Many Germans have waited for the ideal time to start investing for years. Unfortunately, the war in Ukraine is likely to deter many of them from investing in the capital market – with dire consequences for wealth accumulation and retirement provision.

The entry point for an equity investment has never seemed perfect. First, the corona pandemic threatened to bring the worldwide economy down. After the crash in March 2020, many stock market barometers then surprisingly rose to new highs – and you don’t want to buy too expensive either. Whether it’s the looming interest rate hike, inflationary panic, or now the war: there have always been and are supposedly good arguments for holding off on investing.

Inflation Eats Wealth

Since the pandemic, many Germans have ventured into the stock market. Overall, however, the investment backlog in Germany is still enormous. At the end of 2021, bank deposits and insurance still accounted for more than two-thirds of the financial assets of German private households, according to figures from DZ Bank. “The Germans leave a lot of money in their checking accounts with practically no interest. Together with the high inflation, these are real losses in value,” says Michael Stapel, an analyst at the cooperative central bank.

The hesitation has consequences for the yield prospects. Because with long-term investments, the purchase prices are not that important, but the compound interest effect does. If interim interest payments, distributions, or price gains are reinvested, this has a turbo-charged effect on the portfolio over the years. This turbo loses momentum with every year savers let go. “Putin is destroying compound interest,” says financial adviser Upgang. She has a clear opinion on when to start investing in stocks: “The best time is always now.”
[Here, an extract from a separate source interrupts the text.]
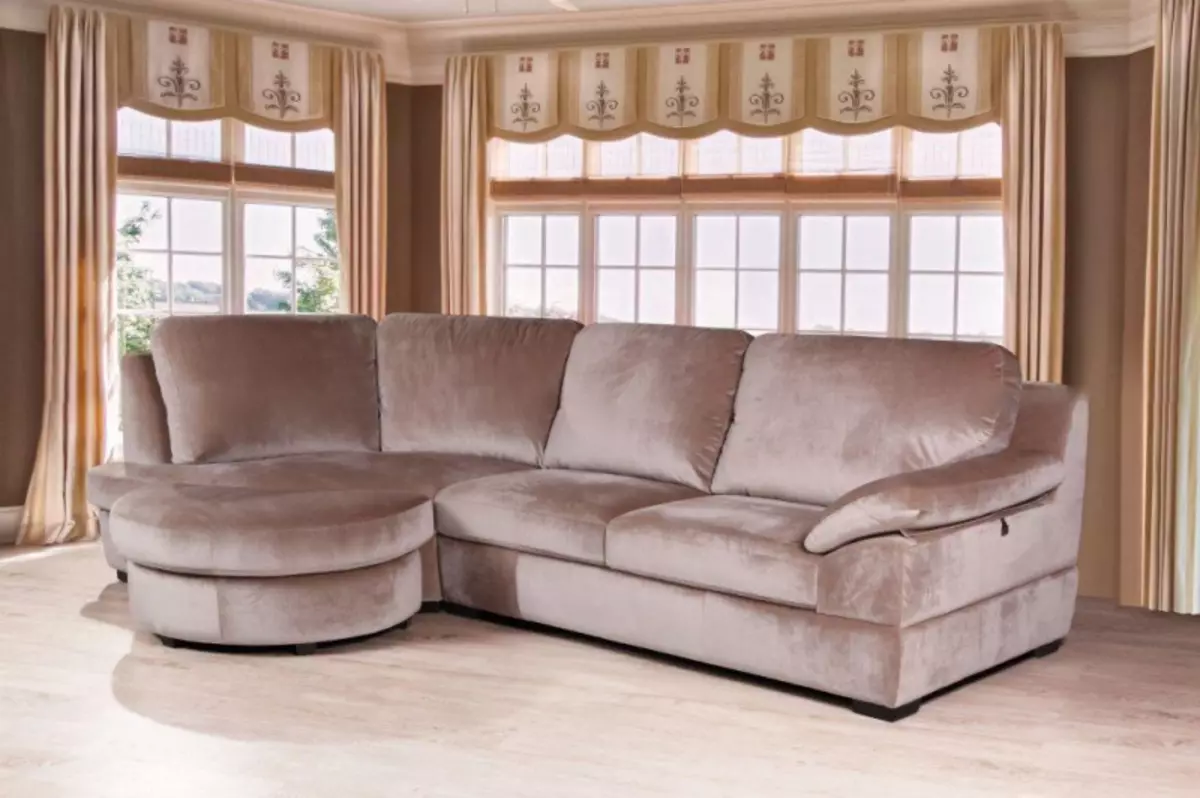 Дивани з механізмом «седафлекс»: вибираємо диван-ліжко з механізмом «американська розкладачка», кутові і вузькі моделі 9069_27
One way to trick the psyche and overcome the fear of losing is to invest in installments rather than all of your capital at once. Newcomers to the stock market can, for example, divide their investment capital into several tranches and invest them at intervals of six months. This gives you the certainty of not investing the entire amount when the prices are about to crash.

Stay Calm When Things Go Wrong

A savings plan also helps to alleviate the fear of a crash or a bear market. Anyone who invests a small amount in an equity fund or an ETF every month automatically buys prices that are sometimes too high and sometimes too low. He buys even when everyone else is fleeing the market in panic, as could happen if the war in Eastern Europe continues to escalate. Savings plan investors would then become war profiteers on a small scale without making any morally questionable purchase decisions. Simply as an automatic buy order.

Those already invested in stocks now face a different challenge: keeping their nerve despite the new bad news every day. Many investors have only been involved since the Corona crash in 2020 and have invested on their own via ETF. As a result, they have not yet experienced a phase with the long-term weakening of prices. “This will now be the stress test for all the new ETF investors,” says Upgang. She predicts: “Those who frantically get out now will not come back in the next few years.”

Ultimately, the same applies to staying with us as to getting started: persevere, don’t look at the courses every day – and don’t let the prophets of doom make you nervous.

Are Russians Fleeing To Bitcoin?

The economic sanctions of the West hit Russia hard, like the exclusion from the interbank system SWIFT, hit the Russian economy hard. Money can no longer be sent into the country by conventional means. Queues are already forming in front of the Russian banks; many fear that a bank run could occur. The ruble has depreciated 23 percent against the US dollar since the beginning of the year. Russian citizens could circumvent the sanctions with Bitcoin. A look at the volume of trades in rubles suggests precisely what is happening.